Segment Open

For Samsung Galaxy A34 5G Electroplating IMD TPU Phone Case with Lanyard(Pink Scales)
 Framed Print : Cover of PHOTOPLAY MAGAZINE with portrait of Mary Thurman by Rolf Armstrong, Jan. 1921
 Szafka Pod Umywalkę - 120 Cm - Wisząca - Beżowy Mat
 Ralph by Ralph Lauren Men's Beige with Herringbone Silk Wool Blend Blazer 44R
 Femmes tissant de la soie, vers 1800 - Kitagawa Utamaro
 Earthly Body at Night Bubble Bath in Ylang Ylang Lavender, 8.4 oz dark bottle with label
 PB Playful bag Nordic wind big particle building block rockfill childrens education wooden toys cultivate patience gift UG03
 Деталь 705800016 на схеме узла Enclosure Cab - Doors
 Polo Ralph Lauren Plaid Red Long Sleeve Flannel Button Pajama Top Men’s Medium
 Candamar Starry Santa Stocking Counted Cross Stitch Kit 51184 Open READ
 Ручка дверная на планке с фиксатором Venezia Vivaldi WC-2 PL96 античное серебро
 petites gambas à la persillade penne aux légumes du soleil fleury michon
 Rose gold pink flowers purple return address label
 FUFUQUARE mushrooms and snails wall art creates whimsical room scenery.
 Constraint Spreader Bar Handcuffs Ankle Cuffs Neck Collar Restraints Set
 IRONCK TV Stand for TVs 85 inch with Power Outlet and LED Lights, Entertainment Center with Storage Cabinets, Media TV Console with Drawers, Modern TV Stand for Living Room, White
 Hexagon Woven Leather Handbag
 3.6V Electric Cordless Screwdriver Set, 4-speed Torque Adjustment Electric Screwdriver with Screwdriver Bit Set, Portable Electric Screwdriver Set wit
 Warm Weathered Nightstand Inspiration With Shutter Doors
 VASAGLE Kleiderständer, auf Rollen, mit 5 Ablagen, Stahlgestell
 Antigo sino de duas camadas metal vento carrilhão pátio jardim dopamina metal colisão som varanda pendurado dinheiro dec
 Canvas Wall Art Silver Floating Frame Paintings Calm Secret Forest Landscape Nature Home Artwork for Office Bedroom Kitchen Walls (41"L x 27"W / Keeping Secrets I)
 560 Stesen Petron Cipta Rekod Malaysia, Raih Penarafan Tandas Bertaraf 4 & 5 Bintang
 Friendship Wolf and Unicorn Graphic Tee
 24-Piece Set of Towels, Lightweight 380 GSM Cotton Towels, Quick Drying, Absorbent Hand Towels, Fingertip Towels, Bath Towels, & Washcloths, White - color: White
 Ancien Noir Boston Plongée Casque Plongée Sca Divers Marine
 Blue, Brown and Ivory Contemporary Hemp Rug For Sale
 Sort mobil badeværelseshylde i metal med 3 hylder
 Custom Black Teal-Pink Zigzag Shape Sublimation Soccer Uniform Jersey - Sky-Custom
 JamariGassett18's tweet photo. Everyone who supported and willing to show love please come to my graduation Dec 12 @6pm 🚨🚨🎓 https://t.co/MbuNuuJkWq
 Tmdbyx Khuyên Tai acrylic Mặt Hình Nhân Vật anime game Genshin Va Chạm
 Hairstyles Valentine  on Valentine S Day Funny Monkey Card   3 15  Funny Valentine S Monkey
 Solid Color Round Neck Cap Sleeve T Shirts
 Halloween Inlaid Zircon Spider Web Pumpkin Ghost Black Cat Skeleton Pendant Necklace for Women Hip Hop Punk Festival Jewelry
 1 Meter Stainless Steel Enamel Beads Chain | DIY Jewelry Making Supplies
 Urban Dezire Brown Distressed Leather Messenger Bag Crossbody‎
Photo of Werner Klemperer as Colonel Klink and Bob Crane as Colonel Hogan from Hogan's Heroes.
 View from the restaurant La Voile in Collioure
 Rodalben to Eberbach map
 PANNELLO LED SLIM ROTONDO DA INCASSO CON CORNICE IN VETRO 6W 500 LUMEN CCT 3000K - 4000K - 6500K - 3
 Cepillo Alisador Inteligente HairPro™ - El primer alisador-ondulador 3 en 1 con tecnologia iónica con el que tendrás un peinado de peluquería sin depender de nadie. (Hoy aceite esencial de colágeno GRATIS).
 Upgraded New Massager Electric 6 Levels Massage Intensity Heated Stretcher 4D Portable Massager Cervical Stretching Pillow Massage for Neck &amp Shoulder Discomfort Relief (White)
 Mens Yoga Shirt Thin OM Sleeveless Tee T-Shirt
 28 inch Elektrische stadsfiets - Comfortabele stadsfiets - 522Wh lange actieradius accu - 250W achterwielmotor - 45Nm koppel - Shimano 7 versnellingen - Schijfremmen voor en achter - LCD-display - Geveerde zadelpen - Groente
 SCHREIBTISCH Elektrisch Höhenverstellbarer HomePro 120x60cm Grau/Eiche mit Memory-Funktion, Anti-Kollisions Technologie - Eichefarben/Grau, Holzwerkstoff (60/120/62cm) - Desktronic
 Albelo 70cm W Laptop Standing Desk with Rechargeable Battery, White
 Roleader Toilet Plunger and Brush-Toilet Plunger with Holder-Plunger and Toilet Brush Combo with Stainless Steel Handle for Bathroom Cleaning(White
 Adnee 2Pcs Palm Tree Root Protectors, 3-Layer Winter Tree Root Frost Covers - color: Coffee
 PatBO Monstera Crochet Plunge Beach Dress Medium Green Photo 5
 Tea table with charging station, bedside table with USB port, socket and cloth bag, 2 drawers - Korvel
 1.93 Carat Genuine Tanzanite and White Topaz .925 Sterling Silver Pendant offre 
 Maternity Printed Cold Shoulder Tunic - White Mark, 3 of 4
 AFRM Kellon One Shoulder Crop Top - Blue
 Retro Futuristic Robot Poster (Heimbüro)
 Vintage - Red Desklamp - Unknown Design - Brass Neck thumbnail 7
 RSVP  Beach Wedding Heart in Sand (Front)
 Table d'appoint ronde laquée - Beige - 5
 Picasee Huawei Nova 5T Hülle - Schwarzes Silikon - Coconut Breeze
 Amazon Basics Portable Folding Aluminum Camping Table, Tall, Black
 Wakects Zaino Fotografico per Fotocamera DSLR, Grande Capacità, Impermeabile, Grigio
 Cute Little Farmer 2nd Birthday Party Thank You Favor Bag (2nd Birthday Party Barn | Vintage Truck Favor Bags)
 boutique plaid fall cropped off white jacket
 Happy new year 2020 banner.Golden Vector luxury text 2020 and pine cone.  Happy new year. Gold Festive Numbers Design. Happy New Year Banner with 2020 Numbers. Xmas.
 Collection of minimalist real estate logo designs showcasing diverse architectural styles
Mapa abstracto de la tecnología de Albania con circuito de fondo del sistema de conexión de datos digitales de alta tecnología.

Segment Closed

§ Task details
Find each line in the material above that carries the string "Blue", and copy it.

§ Written solution
 Blue, Brown and Ivory Contemporary Hemp Rug For Sale
 AFRM Kellon One Shoulder Crop Top - Blue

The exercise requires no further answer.